Week One Reading Response: STARS, Dyer

Throughout this week’s reading of Richard Dyer’s STARS, I had to laugh at myself for having shamelessly fallen prey to the studio and star's tricks throughout my life. Proving Balasz's point, I am that girl that fell in love with James McAvoy, not because he’s cute (I didn’t originally think so), but because of the way his eyes welled up in a close up in Penelope.
Reading about all the power and manipulation of personas lead me to thinking about Dayan's article "The Tutor-Code of Classical Cinema." Pardon the incredible simplification, but Dayan wrote about the relationship between an audience and the set up of a movie theater (where the projector is, shot-reverse-shot, etc). In the proper set up, the system of suture could "tutor" audiences and subtly change their ideologies.
I thought about that reading because that theater set up explains a lot of attachment and influence (also carried on in Baudry's "Ideological Effects of the Basic Cinematographic Apparatus"). But with Stars, a lot of the manipulation and power that this week's reading discussed (our identification with, how values are reafirrmed/deconstructed, etc) was happening outside of the theater. What is the psychological relationship between a reader and a fan magazine or gossip blog? Is there a proper "set up" to best manipulate?
One thing is clear, we are influenced by stars outside of the movie theater (fashion - Victoria Beckham, behavior - Lindsay Lohan, values - Angelina Jolie).

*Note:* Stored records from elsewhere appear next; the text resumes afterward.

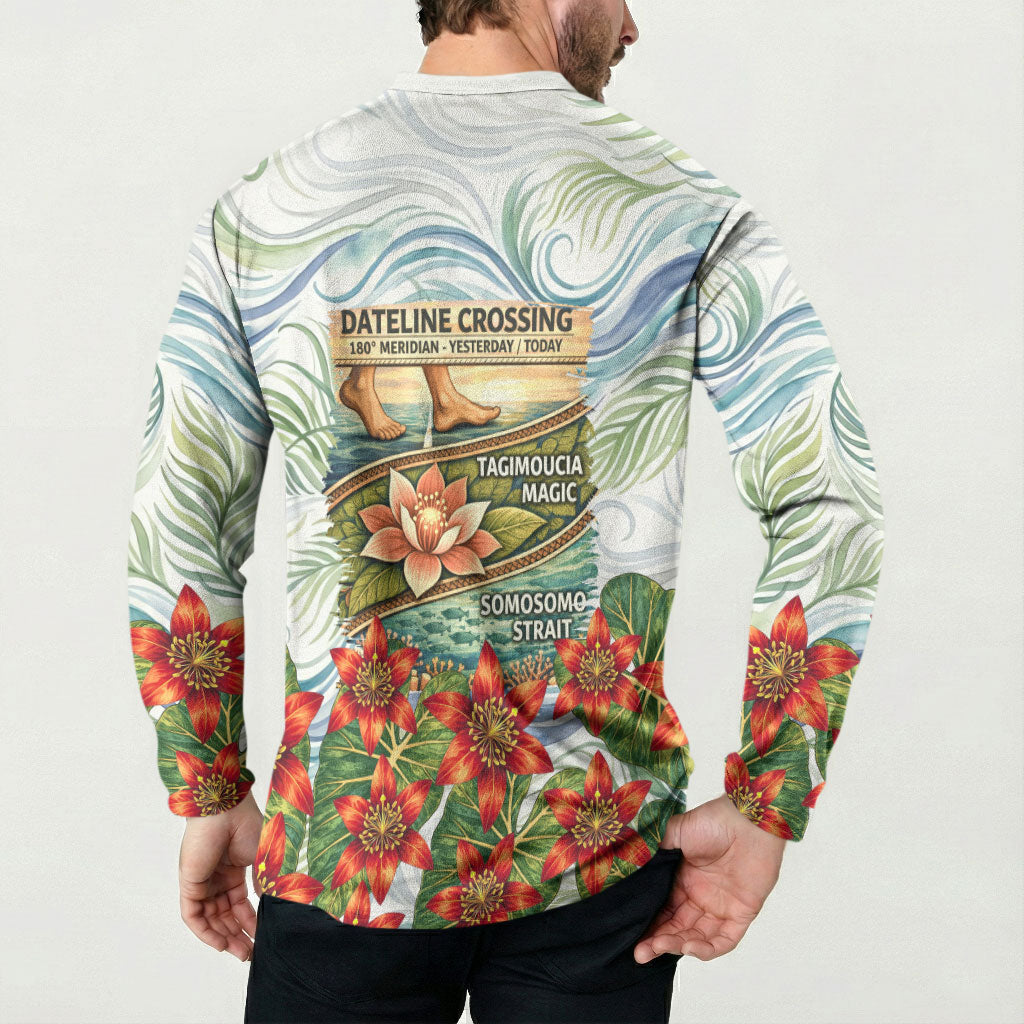 Fiji Taveuni Island Dateline Crossing Button Sweatshirt Tropical Cultural Landscape With Tagimoucia Floral Pattern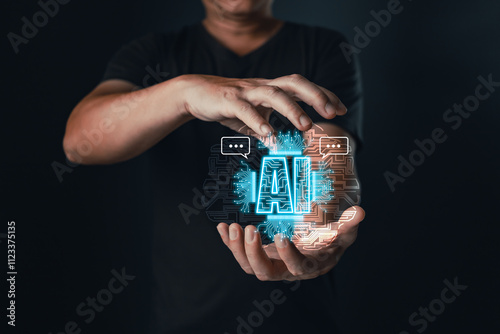 Digital artificial intelligence technology revolution concept,a man interact with AI chatbot command prompt,showcase big data storage and AI driven management service for business technology support
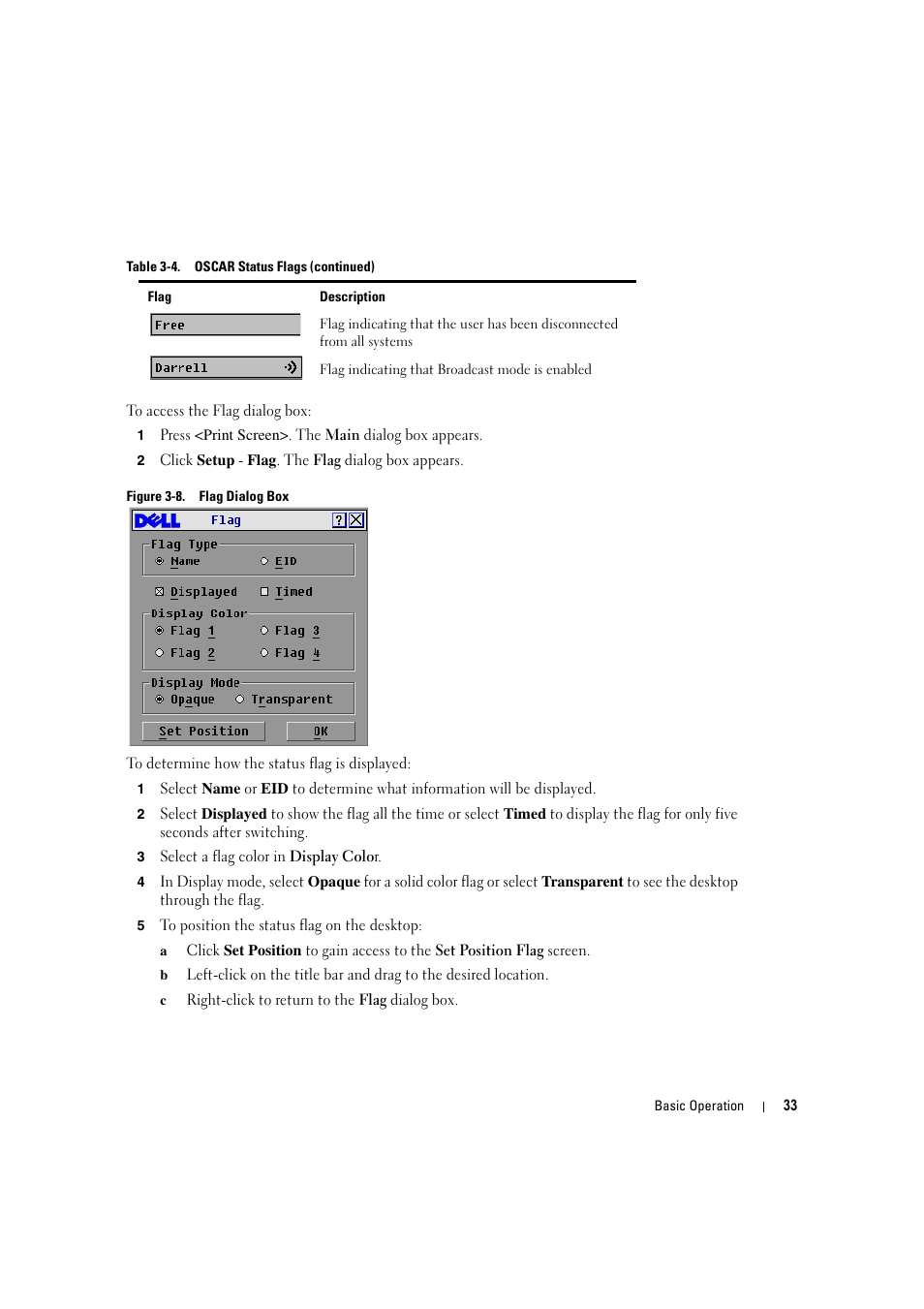 Figure 3-8, Flag dialog box | Dell KVM 180AS User Manual | Page 33 / 60
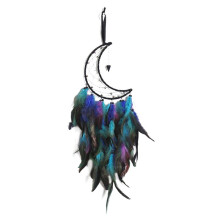 Maan DreamCatcher, Handgemaakte Feather Dreamcatcher Boho Muur Hangende Ornament Zegen Cadeau voor Slaapkamer Feestdecoratie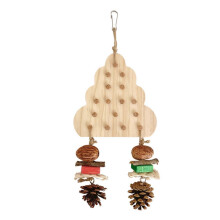 (Pine cone style) Wooden Block Pecking Grinding Cork Toy Perch for Small Large Birds Cage Molar Accessory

Did the attachment have to start with that close-up in the theater or could reading about a person be enough identification to create a fan? How is that "read" identification different than what is achieved in a theater? Economically speaking, should studios take into account how big a star is via people reading about them vs people watching their films? Think about Lindsay Lohan...I read about her on a regular basis but I don't go see her movies.

1 comment:

Tara McPherson said...

Fascinating point about how we might rethink suture for our star searching on the internet!